• _Work instruction_: Should an entry contain an image, leave the image out and repeat the entry's text exactly.

• _Material for this task_:
- - - - - - -

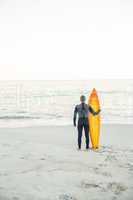 Man in wetsuit with a surfboard on a sunny day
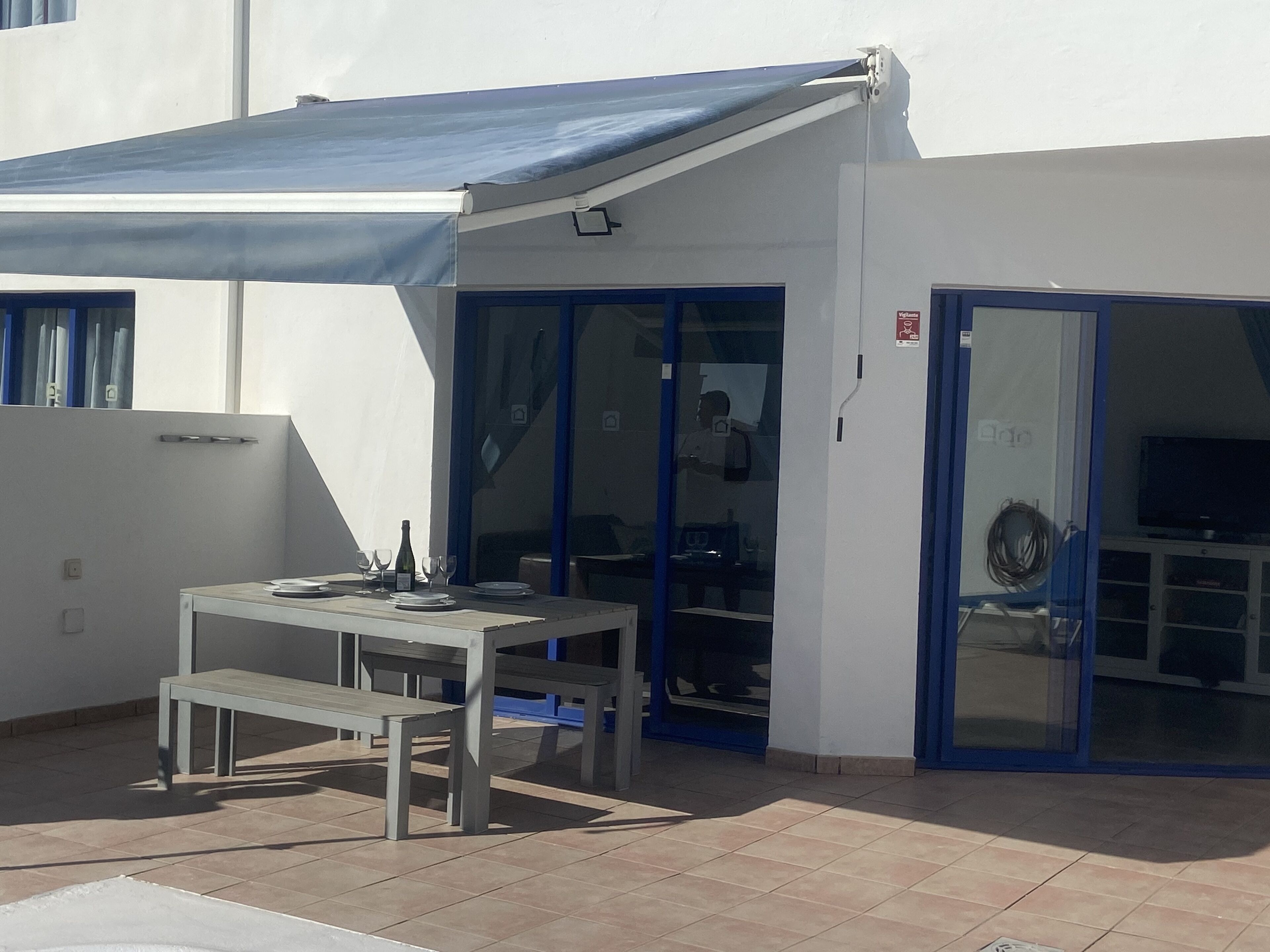 En udendørs terrasse med et bord og stole, et blåt markise og en skydedør, der fører til et indendørs rum med et fjernsyn.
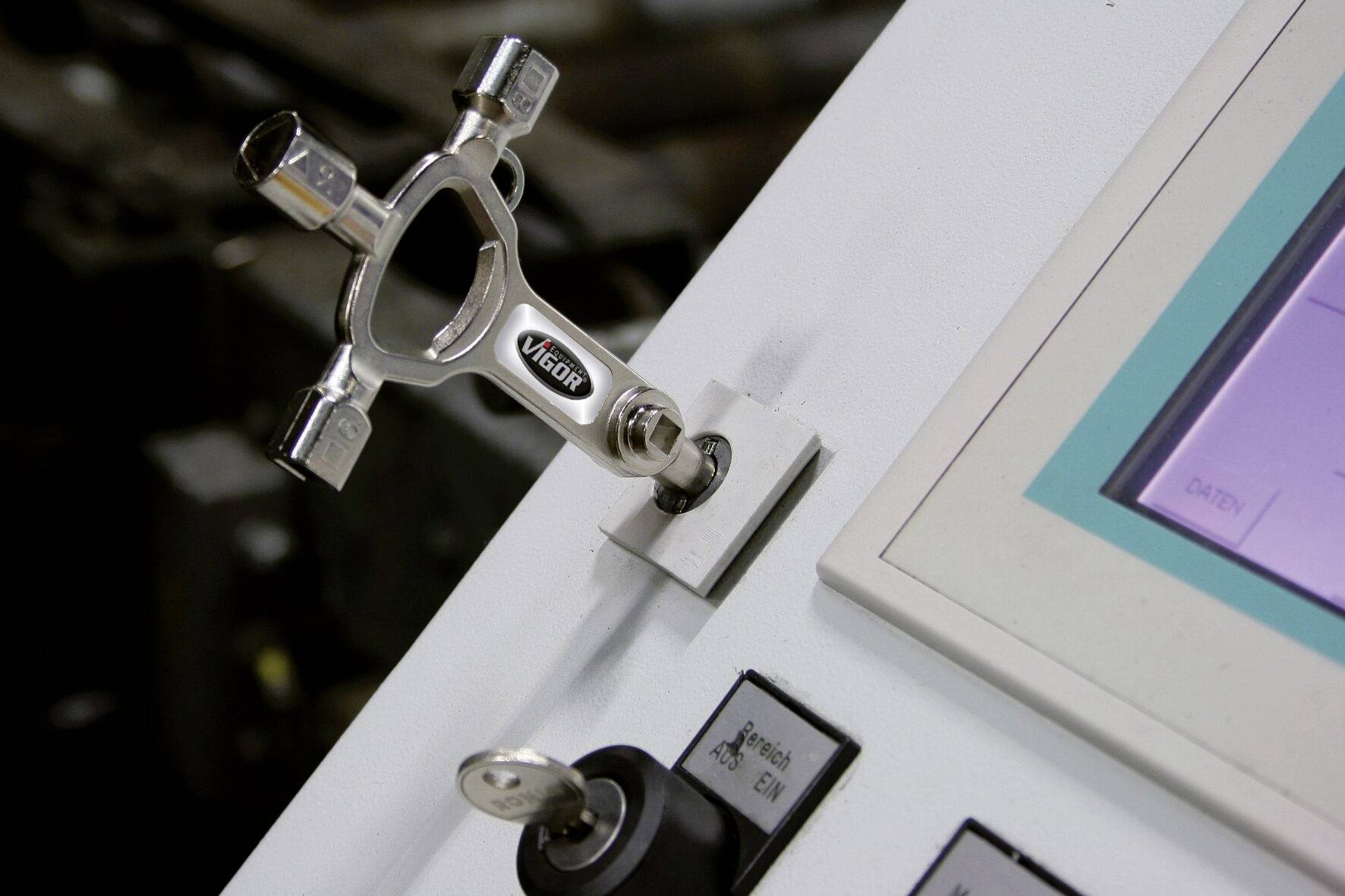 Un pannello di controllo con una chiave principale mostra un dispositivo di bloccaggio in un ambiente industriale. Sul lato destro è presente un display.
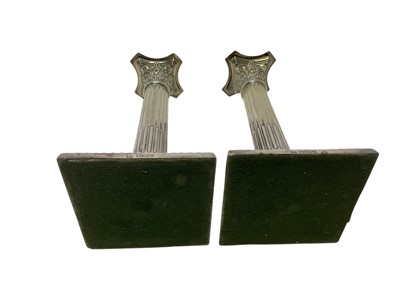 Lot 254 - Pair of silver Corinthian column candlesticks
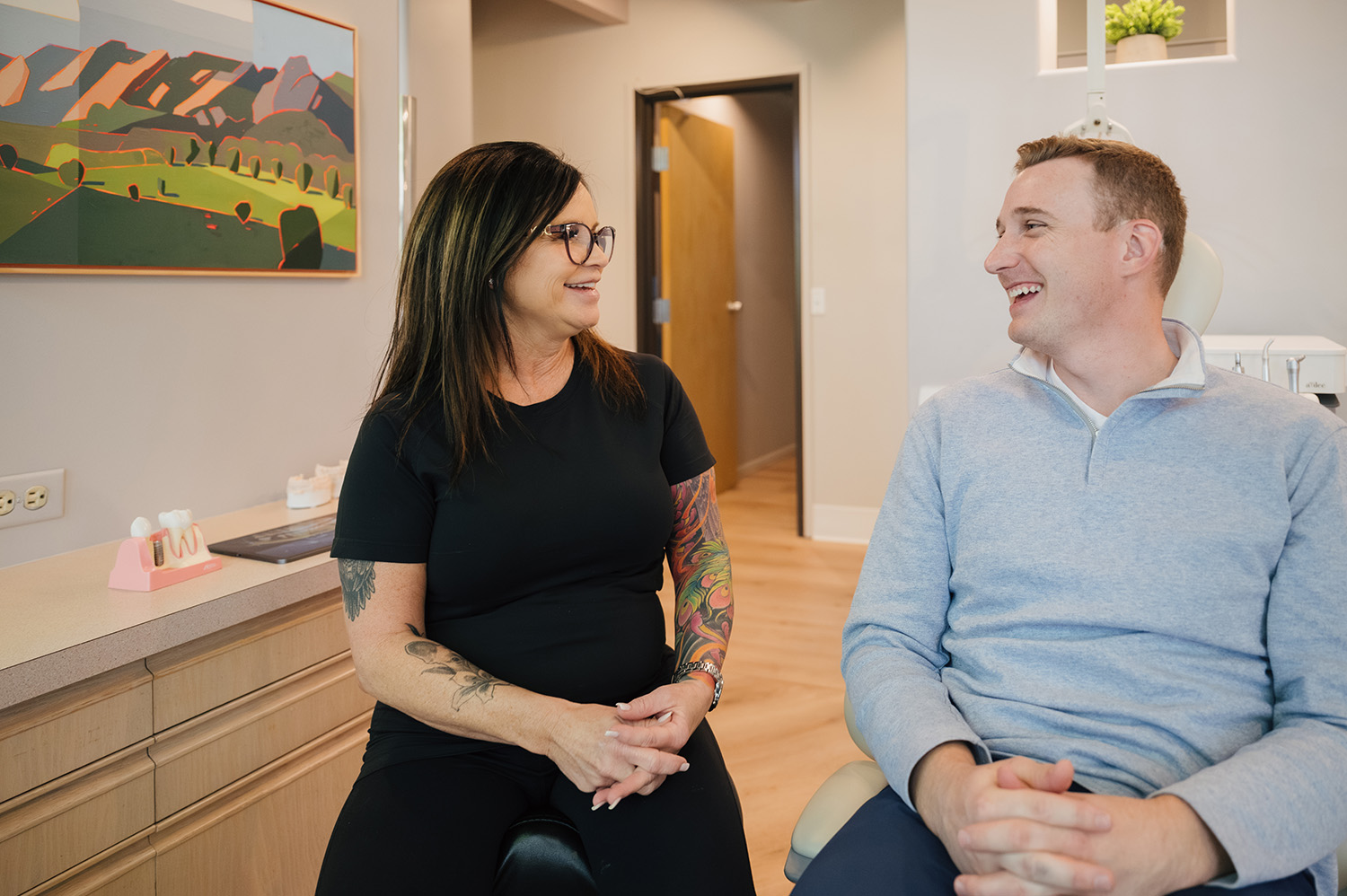 Woman with tattoos and glasses talking and smiling with a man in a dental office.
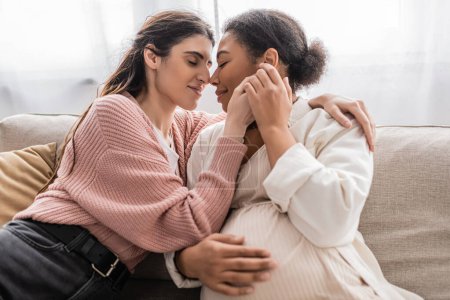 happy lesbian woman holding hands with pregnant multiracial partner and sitting on couch 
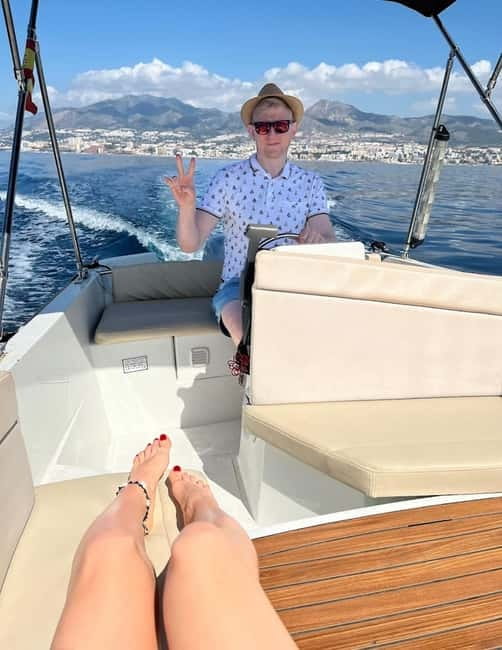 Benalmadena: Boat Rental with No License Required - Taking the controls off Benalmádena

- - - - - - -

• _Reply to the exercise_:
 Man in wetsuit with a surfboard on a sunny day
 En udendørs terrasse med et bord og stole, et blåt markise og en skydedør, der fører til et indendørs rum med et fjernsyn.
 Un pannello di controllo con una chiave principale mostra un dispositivo di bloccaggio in un ambiente industriale. Sul lato destro è presente un display.
 Lot 254 - Pair of silver Corinthian column candlesticks
 Woman with tattoos and glasses talking and smiling with a man in a dental office.
 happy lesbian woman holding hands with pregnant multiracial partner and sitting on couch 
 Benalmadena: Boat Rental with No License Required - Taking the controls off Benalmádena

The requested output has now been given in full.